Most professionals agree this is a large part of the reason why older people despite being especially vulnerable to suffering mental health problems are less likely to seek help than people living in the age of the TV talkfest and intimate magazine exposes.

"In the old days it wasn't socially acceptable to get help because psychiatry was still in the dark ages, and there was a perception that there's not a lot you can do anyway," said Dr Gary Galambos , a consultant psychiatrist at Sydney 's St John of God private hospital. "You either coped and managed or you were sent to an asylum, so there was a very good motivation to be stoic.

"When older people today think of getting help for mental health problems they think of poor quality, crude treatments and separation from loved ones, whereas many younger people think making a counselling appointment is as simple as popping into a hairdresser."

Statistics show older Australians are a particularly "at risk" group for experiencing mental health problems due to the fact that major life events can snowball from about the age of 50.

Figures from the Mental Health Foundation of Australia show at least 20 per cent of older people already have a significant emotional problem, with another one in five showing early signs.

Leaving the world of work, financial worries, selling the family home, moving to an unfamiliar neighbourhood, losing a spouse or caring for a seriously ill partner, going through children's divorces and frequently being called upon to look after grandchildren or enduring chronic pain are all issues which put coping skills at risk especially if people have more than one of these going on at once.

"There is still a negative stigma among over-55s about psychiatry but the reality is that we have had an explosion of understanding in these past couple of decades about mental health and the message is 'you don't have to do it alone'," said Dr Galambos. "Getting professional help means you can improve your quality of life."

Professor Graham Burrows, chairman of the Mental Health Foundation of Australia, agreed that the senior years were an especially important time for people to look after their own emotional wellbeing.

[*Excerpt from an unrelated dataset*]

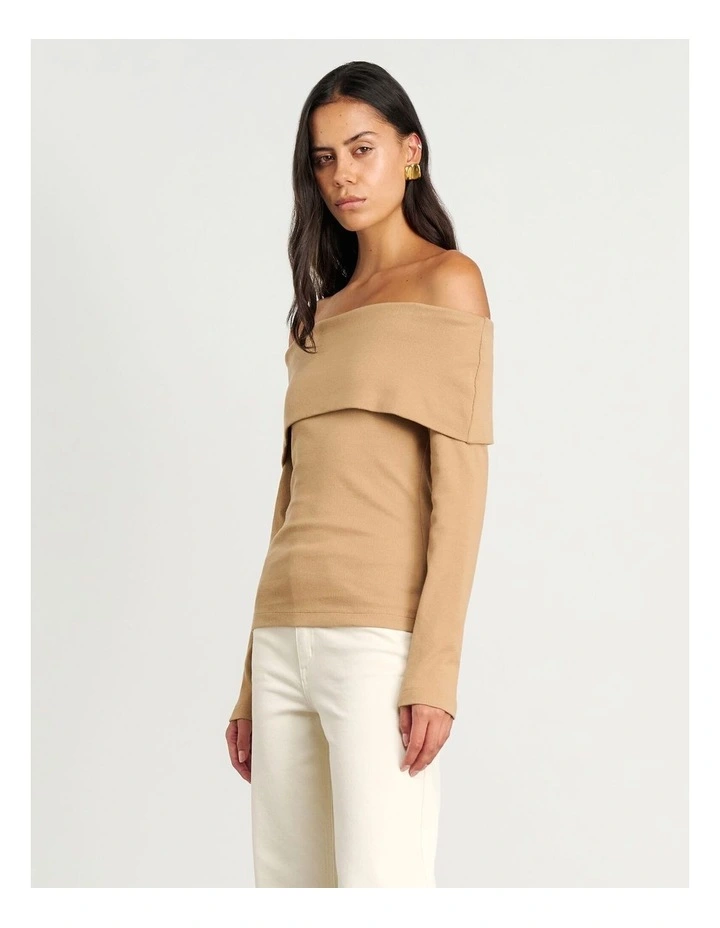 Harlowe Off Shoulder Top in Coffee image 3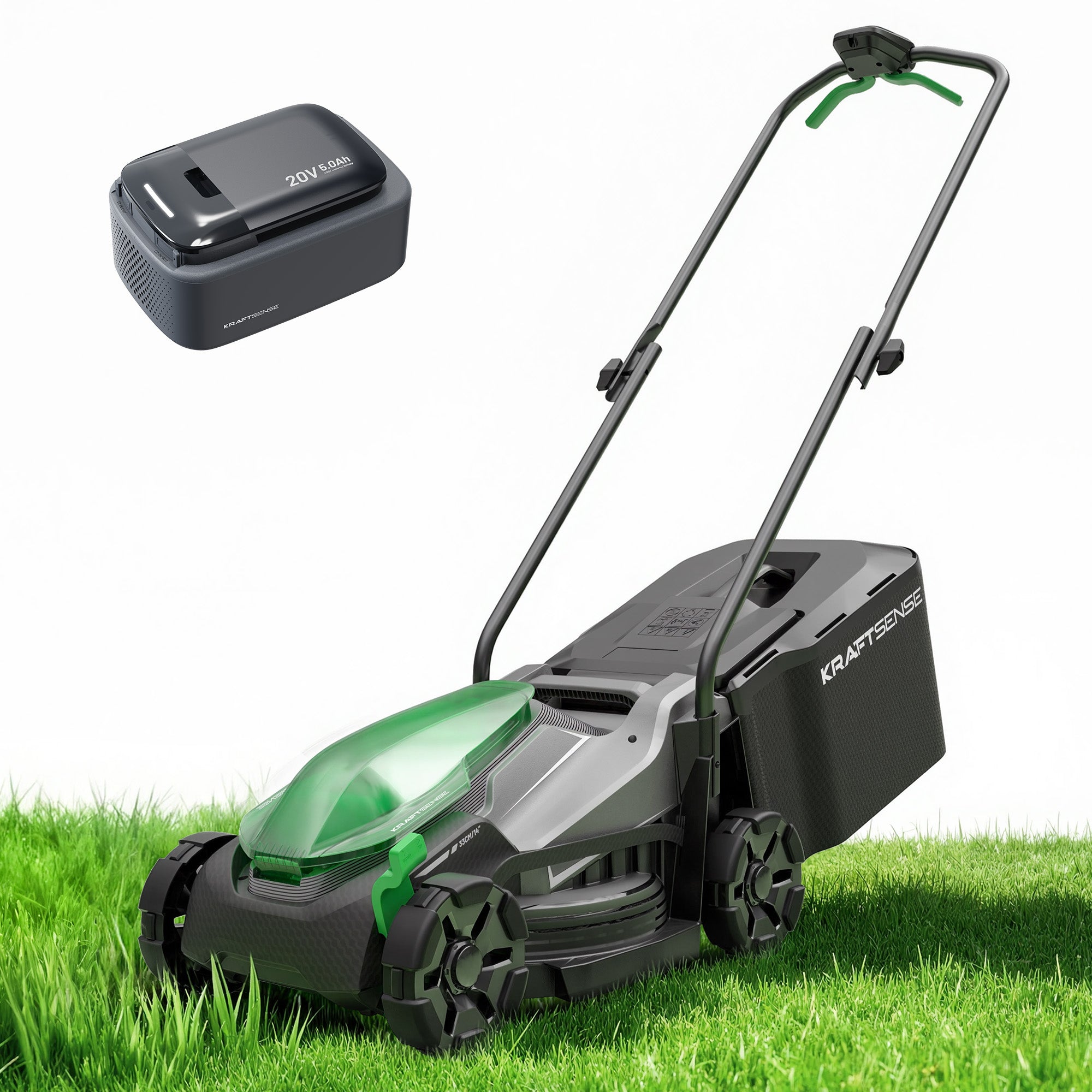 Kraftsense U20X Slim 20V Brushless Cordless Lawn Mower 14" with  5.0Ah Battery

"This can be a very stressful time for people, with lots of adjustments, but you can't look after other people if you don't look after yourself," Professor Burrows said. "I'm not talking about selfishness, I'm talking about taking responsibility.

"If you get professional help you can learn a lot about techniques which reduce stress like relaxation, hypnotherapy and even exercise which can prevent problems from getting worse. If you learn how to dealt with your stress when you first notice it you are less likely to go on and get major depression later."

Professor Burrows said signs to look for include a change in normal coping skills, the sudden onset of disturbed sleep patterns, problems with eating more and putting on weight, drinking more than normal or gambling.

He said emotional ill-health could be triggered by a multitude of factors but most people were able to recover completely or learn to manage their illness through therapy.

"Mental health problems are partly genetic, partly environmental, partly social, partly financial," he said.

"You don't necessarily need to rush off to a psychiatrist. If you are stressed, anxious or depressed and experiencing changes in your normal coping mechanisms your first line of approach should be to go and see a general practitioner and they will refer you to a range of organisations which can help."

Dr Nicole Highet, psychologist and spokesperson for Beyond Blue, the national depression initiative, said more than 2 million Australians were suffering from depression or anxiety at any one time.

"The important thing to realise is that depression is treatable," Dr Highet said. "There are very safe and effective treatments available and most people can be treated at home in much the same way as you would treat arthritis or diabetes or asthma it's not a matter of being admitted to a hospital and having to stay for a long time."